<<<<
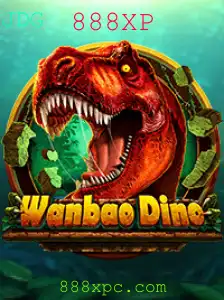 Descubra o Mundo de WanBaoDino e Alavanque sua Experiência com 888XP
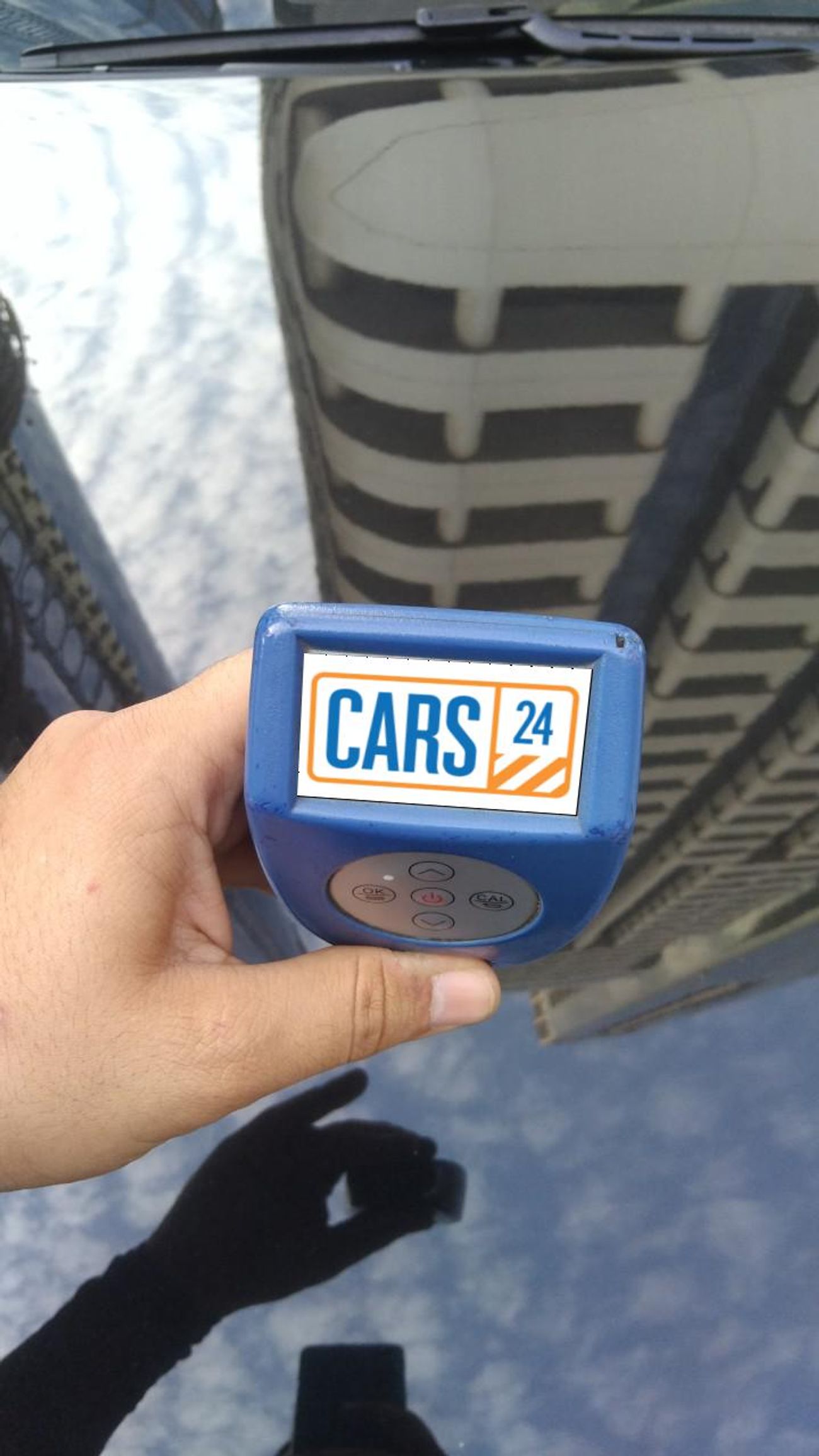 لينكولن كورساير STD 2 | بدون دفعة مقدمة | اختبار القيادة في المنزل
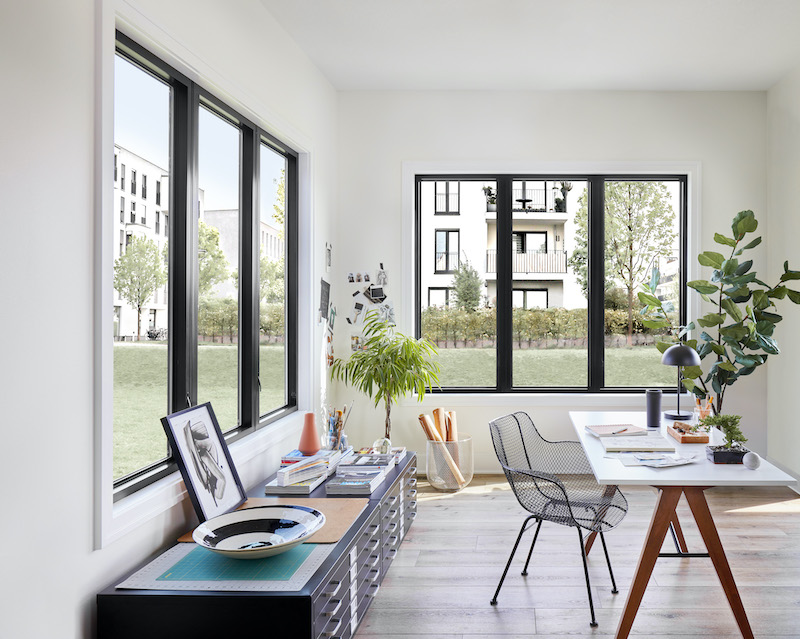 natural light, airflow, and security are top priorities for Pella windows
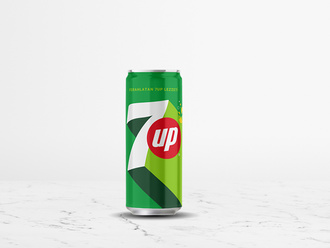 7 Up (33 Cl) görseli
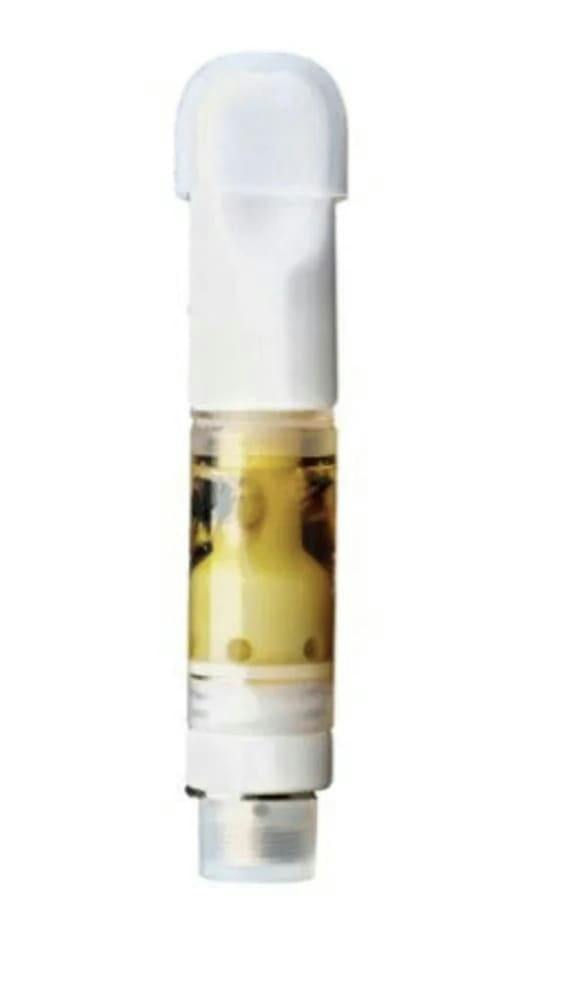 Papaya C Live Rosin Vape Cart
>>>>
• [TASK BRIEF] Only the pictures are left behind; write out everything else in the records exactly.

• [ANSWER SPACE]
 Descubra o Mundo de WanBaoDino e Alavanque sua Experiência com 888XP
 لينكولن كورساير STD 2 | بدون دفعة مقدمة | اختبار القيادة في المنزل
 natural light, airflow, and security are top priorities for Pella windows
 7 Up (33 Cl) görseli
 Papaya C Live Rosin Vape Cart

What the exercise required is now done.